Big Bubbles (no troubles)

What sucks, who sucks and you suck

Good Fer You

When we look back on the things we’ve done, we tend to forget the minor annoyances (how hot it was, all the flies, busting to get to the toilet) and the boring bits.

It takes on a rosy glow, becoming better in recall than it was in reality. We even laugh over misadventures we found most unpleasant at the time.

Three years. Three years of lying awake at night thinking, “Please god, don’t make me go back there!” It’s been almost three years since BB took a three week vacation in New Zealand and there’s still no sign of a “rosy glow” of remembrance, only the cold shudder of an unpleasant dream. But at least we can talk about it now. In fact, we can whinge at length.

Where did it all start to go wrong? Was it the inordinate delay while we waited to collect our hired campervan? Was it when said van started to break down, at night and four hours out of the capital? The first cold, drizzly night in Taupo? Stepping off the plane? Stepping off the plane during a stopover in Bombay on the way over, to be confronted with armed soldiers and the earthy whiff of the Indian subcontinent?

If I’m honest, the problems started at the travel agents, somewhere around the moment where we pointed at the two small islands just above Antarctica and said, “We’d like to go there”. Specifically, the psychological wound occurred when we suddenly found ourselves forking out the entire four figure cost of the holiday on the spot, rather than the nominal deposit we’d been expecting. (Apparently, if you book your flights less than nine years in advance, you have to pay the lot upfront - presumably, they’re worried that the truth about NZ will be out any day.) My bank account, while not plunged into the red, was suddenly looking a lot less wealthy than I had previously been used to. For the same money, I could have bought, for example:

  • A top of the range Apple Mac.
  • A semi-pro digital SLR outfit.
  • A small used car.
  • Enough beer to forget everything.

You may argue that instead of satisfying shallow consumer lusts, I was buying memories that would last a lifetime.
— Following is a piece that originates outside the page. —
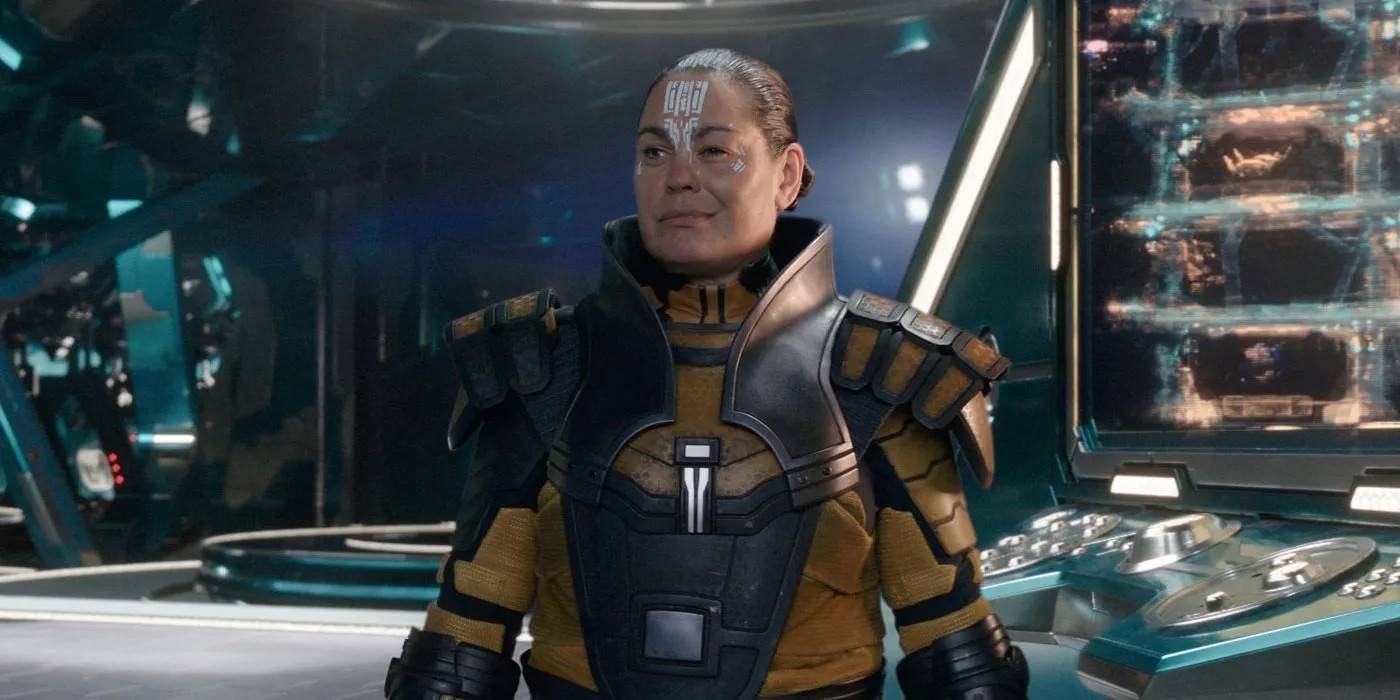 Рэйчел Хаус, ухмыляющаяся в "Тор: Рагнарёк"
Unfortunately, you would appear to be correct. As we walked out of the agents, a small voice in my head muttered, “It can’t be worth it. No mere holiday could be worth all that.” Six months later, the muttering had become a plaintive whine. Thus I was not in a good frame of mind by the time I fell wearily off a 28 hour long haul flight and into the Auckland sun.

The van, as has been alluded to, was a disaster. The depot was a shambles, with various travellers kicking up a stink because their vehicle was too small/large/long in coming. We suspect a German couple who complained vociferously about the small Bedford they had been assigned were actually upgraded to the one intended for us, in the interests of making them go away quickly. That meant we got the leftovers - there, that one at the back that the last bloke said kept cutting out! Does the engine turn? Then shut up and give it to those two English lamers. Throw ‘em a bottle of cheap plonk to sweeten them too - two headaches for the price of one!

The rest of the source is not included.